Zing Forum

Reading

DualGeo: A Dual-Perspective Framework for Global Image Geolocation

This paper proposes the DualGeo two-stage framework, which fuses image and semantic segmentation features via bidirectional cross-attention, combined with geographic clustering reordering and LMM reasoning. It improves street-level and city-level geolocation accuracy by 3.6%-16.58% and 1.29%-8.77% respectively on the IM2GPS, IM2GPS3k, and YFCC4k benchmarks.

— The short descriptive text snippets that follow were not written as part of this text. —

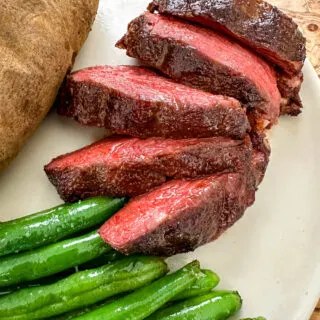 smoked filet mignon on a plate with green beans and a baked potato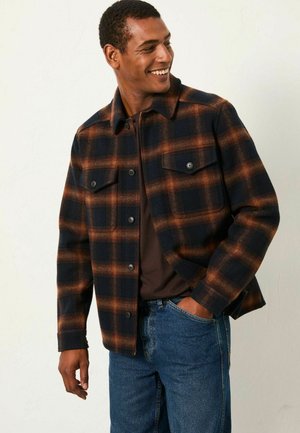 Flanelljacke mit dunkelblauem und orangefarbenem Karomuster, zwei Brusttaschen, Knopfverschluss und gerader Passform, getragen über einem braunen Hemd.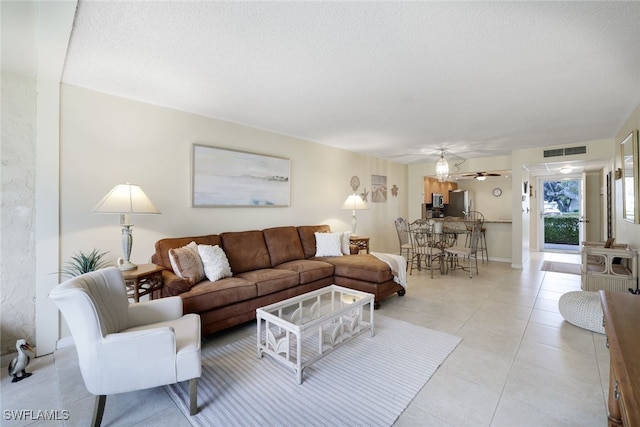 living room with ceiling fan, a textured ceiling, and light tile patterned floors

图像地理定位语义分割多模态融合对比学习地理聚类LMM推理IM2GPS视觉定位
Published 2026-04-28 20:00Recent activity 2026-04-29 10:53Estimated read 5 min
DualGeo: A Dual-Perspective Framework for Global Image Geolocation
1

Section 01

DualGeo: A Dual-Perspective Framework to Improve Global Image Geolocation Accuracy

This paper proposes the DualGeo two-stage framework, which fuses image and semantic segmentation features via bidirectional cross-attention, combined with geographic clustering reordering and LMM reasoning. It improves street-level (<1km) and city-level (<25km) geolocation accuracy by 3.6%-16.58% and 1.29%-8.77% respectively on the IM2GPS, IM2GPS3k, and YFCC4k benchmarks, providing a new approach for global image geolocation.

2

Section 02

Task Background: Two Major Challenges in Global Image Geolocation

Global image geolocation requires inferring the geographic coordinates of images from any location, with challenges spanning multiple scales from street level (meter-scale) to city level (kilometer-scale). Existing methods face two major challenges: 1. Visual features are sensitive to environmental changes (feature matching easily fails for the same location under different seasons, weather, or lighting conditions); 2. Lack of effective outlier filtering mechanisms—noisy retrieval candidates limit accuracy.

3

Section 03

Stage 1: Building Robust Geographic Representations via Multimodal Fusion and Contrastive Learning

The goal of Stage 1 is to establish a robust geographic representation space where semantically similar images are close to each other. Core strategies: 1. Multimodal feature fusion (image features capture visual details, semantic segmentation features capture robust semantic content); 2. Bidirectional cross-attention fusion (image→segmentation learns visual-to-semantic correspondences, segmentation→image learns semantic-to-visual correspondences); 3. Dual-perspective contrastive learning alignment (image-coordinate alignment, semantic-geographic association) to build a global retrieval database.

4

Section 04

Stage 2: Refining Geolocation Results via Geographic Clustering + LMM Reasoning

Stage 2 refines the retrieval results: 1. Geographic clustering reordering (identifies spatially coherent candidate groups, filters isolated outliers, and boosts the ranking of candidates from large clusters); 2. LMM reasoning decision-making (inputs query images, candidate satellite/street view images, and geographic context, outputs final coordinates based on visual similarity and geographic rationality, making up for the limitations of pure feature matching).

5

Section 05

Experimental Validation: Accuracy Improvements on Three Benchmarks

Evaluated on three benchmarks (IM2GPS, IM2GPS3k, YFCC4k), focusing on street-level (<1km) and city-level (<25km) accuracy: Street-level accuracy improved by 3.6%-16.58% (contributed by dual-perspective fusion and clustering post-processing); City-level accuracy improved by 1.29%-8.77% (demonstrating the framework's robustness).

6

Section 06

Technical Insights: Key Reasons for DualGeo's Performance Improvement

Core reasons for DualGeo's effectiveness: 1. Semantic-visual complementarity (fusing the advantages and disadvantages of both); 2. Spatial consistency constraints (using the uniqueness of real locations to filter outliers); 3. Hierarchical decision-making architecture (coarse-grained retrieval → clustering refinement → LMM reasoning, balancing efficiency and accuracy).

7

Section 07

Limitations and Future Directions: Areas for DualGeo Improvement

Current limitations: High computational cost (multimodal extraction + LMM reasoning), semantic segmentation error propagation, and need for clustering parameter tuning. Future directions: Efficient implementation (reducing cost without sacrificing accuracy), dynamic clustering thresholds, and temporal extension (utilizing image time information).